La démocratie bourgeoise a un caractère formel et abstrait. Cela est évident dans tous les aspects de la vie économique, politique et sociale. Par exemple, la loi reconnaît la "liberté de la presse" comme un droit de tous les citoyens. Mais, le "hasard" a voulu que dans la société capitaliste, les médias (presse, radio et télévision), ne sont pas accessibles à tous les citoyens et citoyennes de la même, mais qu’il s'agit d'une série d'entreprises (qui sont propriété privée), qui sont contrôlées par certains groupes financiers. Nous voyons ici comment la "liberté" et l'"égalité" théoriques (de droit), sont impossibles à atteindre dans la réalité, dans le cadre du système capitaliste. C’est le véritable fond du libéralisme et du démocratisme bourgeois.

En Euskal Herria nous avons la triste expérience que, précisément au nom de cette démocratie, on a procédé à la fermeture de médias comme EGIN, Ardi Beltza, Egin Irratia ou Egunkaria.

La même chose arrive avec le "droit de réunion". Toutes les constitutions démocratiques-bourgeoises le reconnaissent. Cependant, pour que le peuple travailleur, les ouvriers et les ouvrières d'une usine, les voisins et les voisines d'un quartier, puissent se réunir, ils ont besoin de disposer de locaux adéquats, et il se trouve par hasard que les meilleurs bâtiments sont propriété privée.

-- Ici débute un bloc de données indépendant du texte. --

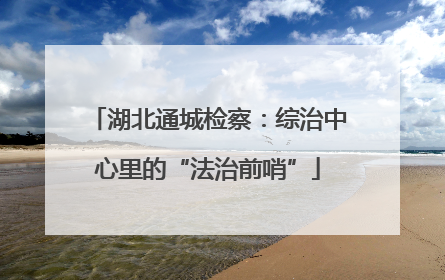 湖北通城检察：综治中心里的“法治前哨”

Egalité devant la loi ? Neutralité de l'État ? Rien de plus éloigné de la réalité. Ce sont des illusions avec lesquelles le libéralisme bourgeois cherche à dissimuler le lien de l'argent avec le pouvoir politique et de cacher que la bourgeoisie, à travers mille moyens testés par une longue expérience, contrôle les ressorts de l'État et que celui-ci est uniquement dédié à défendre ses intérêts, et que donc il ne traitera jamais d'une manière "égalitaire" et "impartiale" toutes les personnes. Au contraire, celles-ci sont traitées d’une manière ou d’un autre selon la classe sociale à laquelle ils appartiennent.

Bien sûr, si nous comparons le fascisme à la démocratie bourgeoise, les droits et libertés (malgré leur caractère abstrait et formel) qui existent dans celle-ci à leur absence totale dans le premier, il est évident que nous optons pour la seconde. Cependant, une chose doit rester très claire, c’est que la démocratie bourgeoise comme le fascisme, ne sont que différentes formes de domination de la même classe et le fait que la bourgeoisie recourt à employer l'une ou l'autre, dépendra d'une série de facteurs et de circonstances historiques (économiques, politiques, sociales, etc.).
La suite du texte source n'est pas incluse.